Postoperative analgesia in laboratory rats is complicated by the frequent handling associated with common analgesic dosing requirements. Here, we evaluated sustained-release buprenorphine (Bup-SR), sustained-release meloxicam (Melox-SR), and carprofen gel (CG) as refinements for postoperative analgesia. The aim of this study was to investigate whether postoperative administration of Bup-SR, Melox-SR, or CG effectively controls behavioral mechanical and thermal hypersensitivity in a rat model of incisional pain. Rats were randomly assigned to 1 of 5 treatment groups: saline, 1 mL/kg SC BID; buprenorphine HCl (Bup HCl), 0.05 mg/kg SC BID; Bup-SR, 1.2 mg/kg SC once; Melox-SR, 4 mg/kg SC once; and CG, 2 oz PO daily. Mechanical and thermal hypersensitivity were tested daily from day-1 through 4. Bup HCl and Bup-SR attenuated mechanical and thermal hypersensitivity on days 1 through 4. Melox-SR and CG attenuated mechanical hypersensitivity-but not thermal hypersensitivity-on days 1 through 4. Plasma concentrations, measured by using UPLC with mass spectrometry, were consistent between both buprenorphine formulations.

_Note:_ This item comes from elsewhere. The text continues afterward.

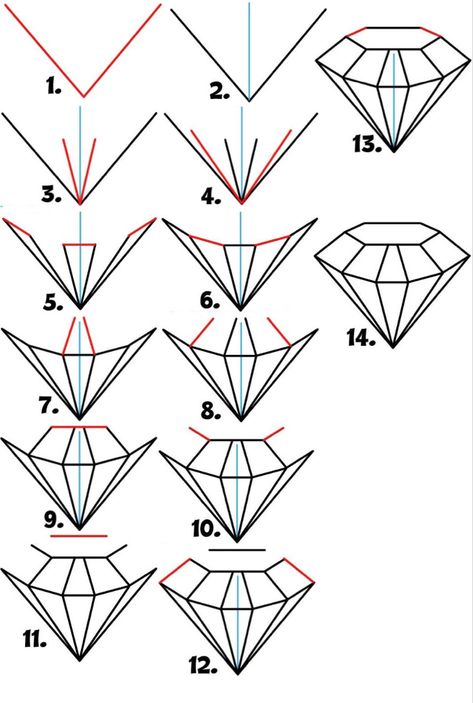 Diamond Line Drawing, Drawing A Diamond, Diamond Drawing Tutorial, How To Draw A Diamond Step By Step, How To Draw Diamonds, How To Draw A Diamond, Diamond Drawing Simple, How To Draw Glitter, Gem Drawing Tutorials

Gross pathologic examination revealed no signs of toxicity in any group. These findings suggest that postoperative administration of Bup HCl and Bup-SR-but not Melox-SR or CG-effectively attenuates mechanical and thermal hypersensitivity in a rat model of incisional pain.

Figure 1.

Daily body weight (mean ± SEM) of rats in saline, Bup HCl, Bup-SR, Melox-SR, and CG treatment groups. Arrow indicates day of surgery.

Figure 2.

Effects of saline, Bup HCl, Bup-SR, Melox-SR, and CG on mechanical hypersensitivity (mean ± SEM) of the (A) ipsilateral and (B) contralateral hindpaws. In the Bup HCl group, 0 withdrawals of the contralateral hindpaw were recorded on days 1 and 2. Arrow indicates day of surgery. *, Value significantly (P < 0.05) different from that on day –1 in the same treatment group.

Figure 3.

Effects of saline, Bup HCl, Bup-SR, Melox-SR, and CG on paw withdrawal latency (s, mean ± SEM) of (A) ipsilateral and (B) contralateral hindpaws. Arrow indicates day of surgery. *, Value significantly (P < 0.05) different from that on day –1 in the same treatment group.

Figure 4.

Plasma concentration of buprenorphine (ng/mL, mean ± SEM) in rats treated with either Bup HCl or Bup-SR (n = 3 at each time point). Plasma samples from naïve rats (n = 3) were used as negative controls for the assay.

Figure 5.

Plasma concentrations (μg/mL, mean ± SEM) of meloxicam and carprofen in rats treated with either Melox-SR or CG (n = 3 at each time point). Plasma samples from naïve rats (n = 3) were used as negative controls for the assays. *, Value significantly (P < 0.05) different from that on day –1 in the same treatment group.

Figure 6.

CG consumption (%, left) and estimated carprofen dose (mg/kg, right). Arrow indicates day of surgery. Data are presented as mean ± SEM. *, Value significantly (P < 0.05) different from that on day –2.